I basically include the toml configuration file for Traefik and acme.json for Let's Encrypt to utilize. I suggest reading on Traefik if you do not understand what is happening. But in short, I am redirecting www to jessequinn.info and http to https amongst other things. One other thing, I set a constraint to server-1 as I want this server to act as a load balancer.
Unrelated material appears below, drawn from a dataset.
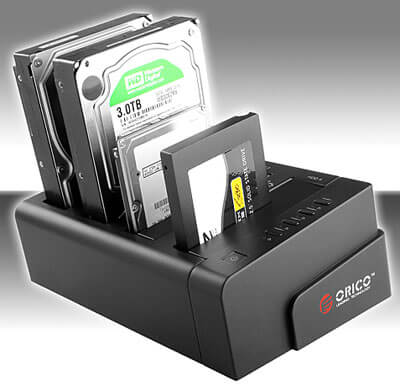 Brando-USB-3-Quadruple-SATA-HDD-Dock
This way I can actually use Terraform to set A record for www. and @.

As an example

## Add an A record to the domain for www.jessequinn.info ##
resource "digitalocean_record" "www-jessequinn" {
  domain = "jessequinn.info"
  type   = "A"
  name   = "www"
  value  = digitalocean_droplet.server[0].ipv4_address
}

## Add an A record to the domain for jessequinn.info ##
resource "digitalocean_record" "jessequinn" {
  domain = "jessequinn.info"
  type   = "A"
  name   = "@"
  value  = digitalocean_droplet.server[0].ipv4_address
}

Now we can schedule the job:

nomad plan job -address=http://private_ip:4646 jessequinn.nomad 
nomad run job -address=http://private_ip:4646 jessequinn.nomad 
nomad job status -address=http://private_ip:4646 jessequinn

Quick tip:

# nomad ui
ssh -L 4646:localhost:4646 username@server_ip

# traefik ui
ssh -L 8081:localhost:8081 username@server_ip

You can also tunnel into your UIs to see what is happening.

Final Words

I cannot say I prefer Nomad over Kubernetes or Kubernetes over Nomad, but I do find that Nomad is becoming more and more interesting to work with. I like the fact we can use other drivers. HOWEVER, I do not like how overly complicated Nomad is to configure HAProxy. In fact, I could not get it to work correctly!

In the end, the suite of products that Hashicorp offers are just fantastic. At work, I implemented Vault/Consul I just love it! I also test Ansible with Vagrant on a regular basis. Now that Boundary was released I will definitely consider using it.